**TASK GOAL**: Your copy should match the records exactly, apart from the pictures, which stay out.
[[ SUPPLIED INFORMATION open ]]
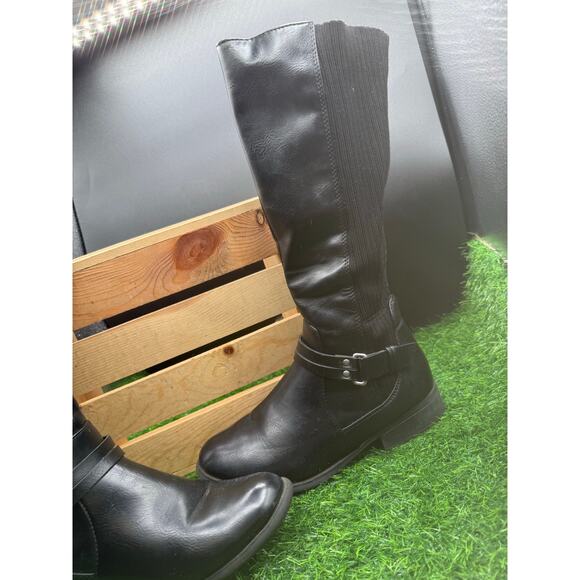 Venus -Black- Suede Platform Booties-Size 8W - Picture 3 of 10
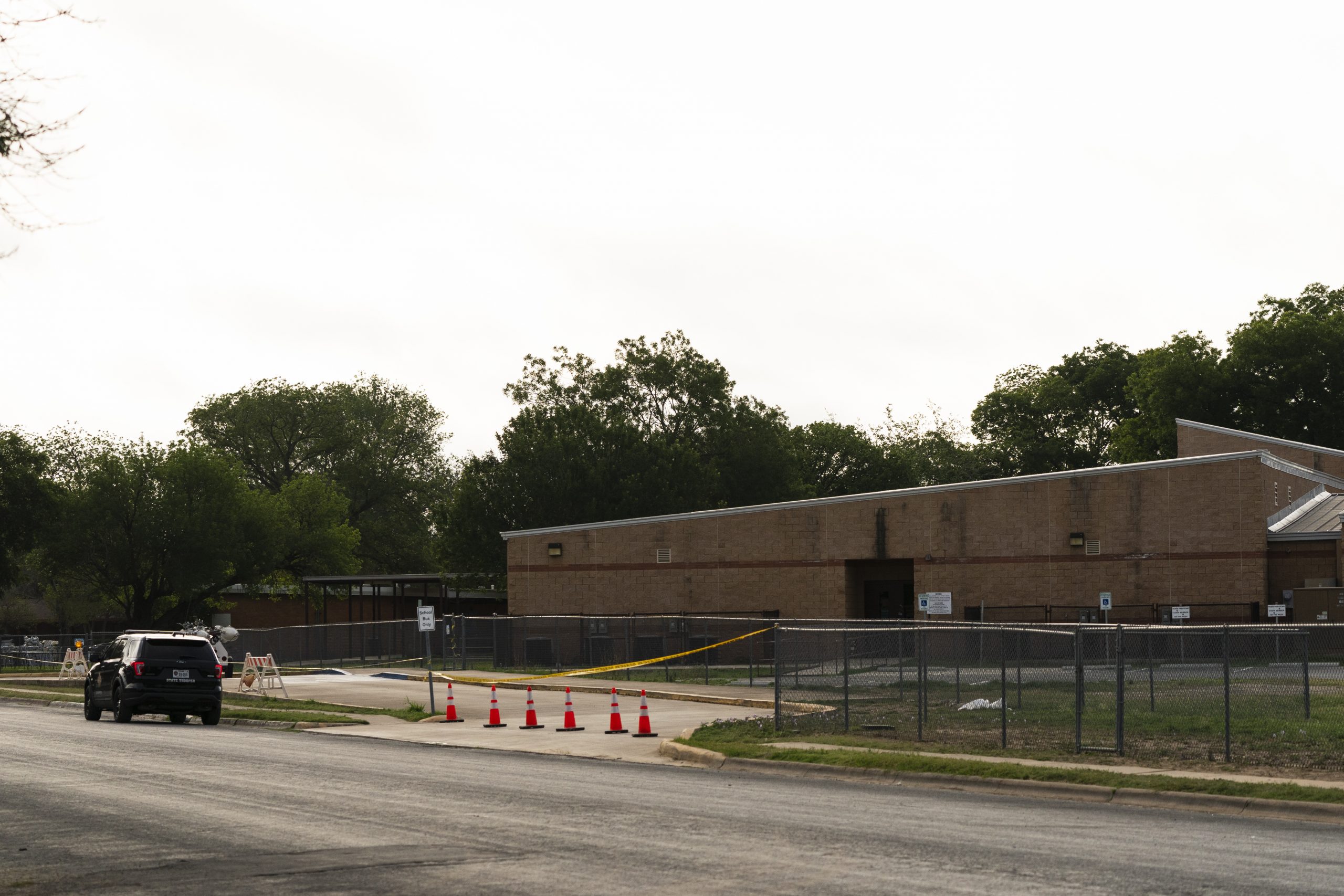 WATCH: Officers threaten to charge journalists if they don’t leave Uvalde school district HQ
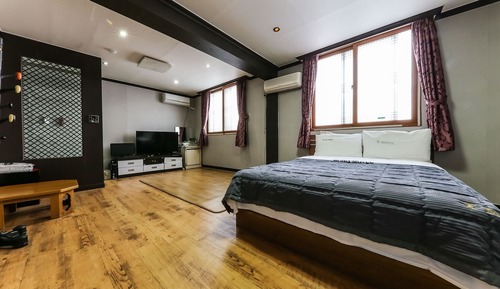 Room (Korean Style room (Netflix viewing av)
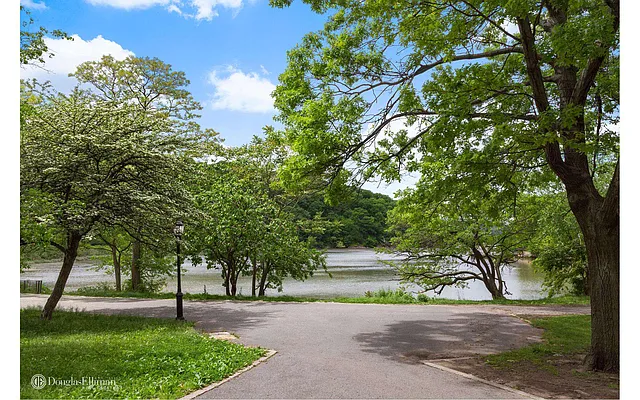 Sold by Douglas Elliman | media 10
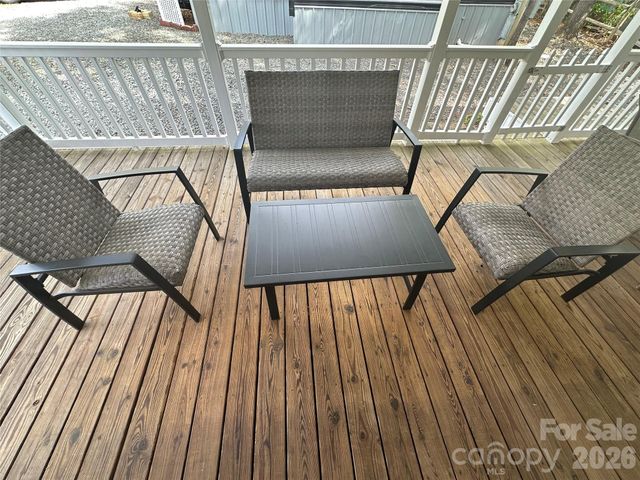 109 Pine Street, New London, NC 28127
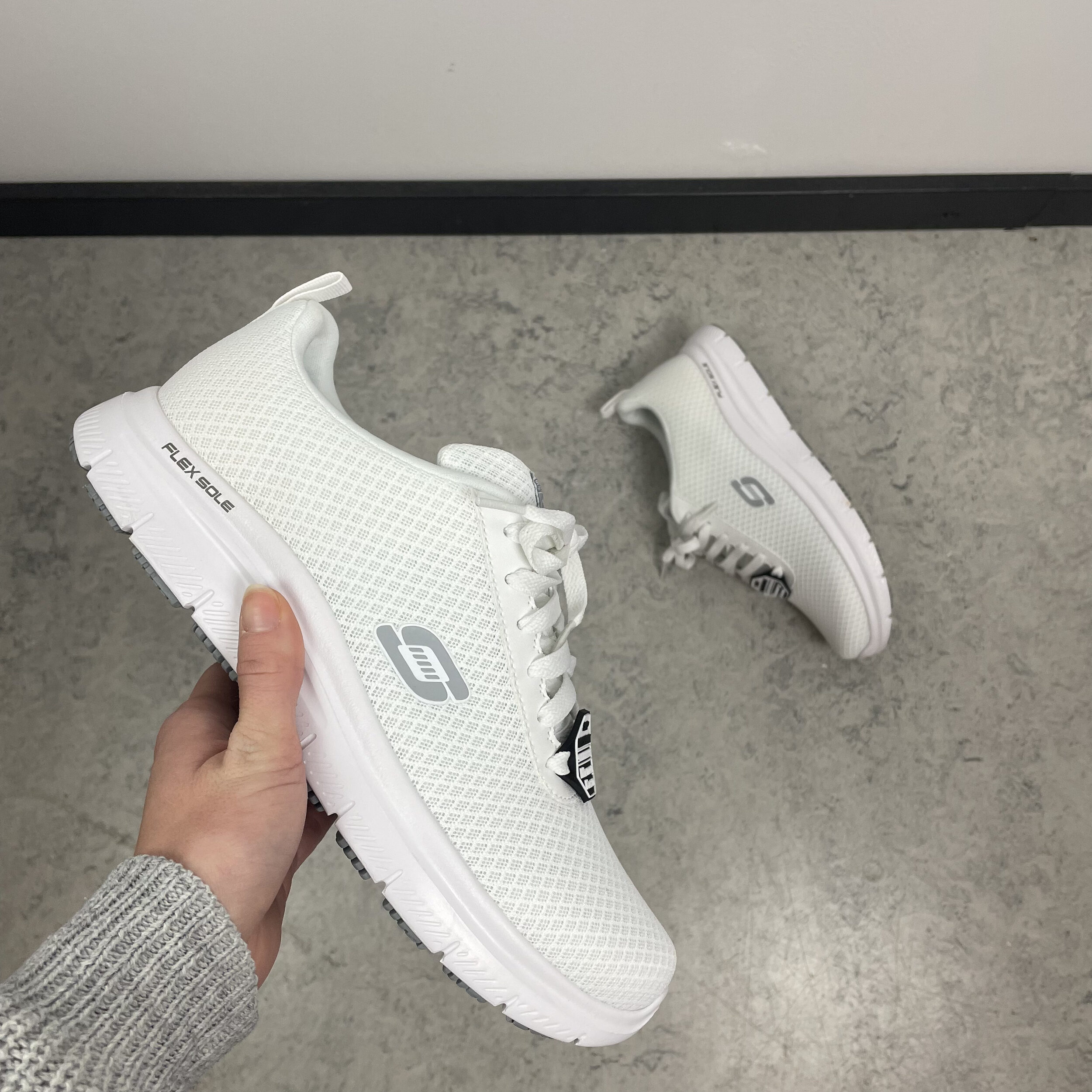 Skechers Work i vitt med andningsbart material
[[ SUPPLIED INFORMATION closed ]]
**RESULT**:
 Venus -Black- Suede Platform Booties-Size 8W - Picture 3 of 10
 WATCH: Officers threaten to charge journalists if they don’t leave Uvalde school district HQ
 Room (Korean Style room (Netflix viewing av)
 Sold by Douglas Elliman | media 10
 109 Pine Street, New London, NC 28127
 Skechers Work i vitt med andningsbart material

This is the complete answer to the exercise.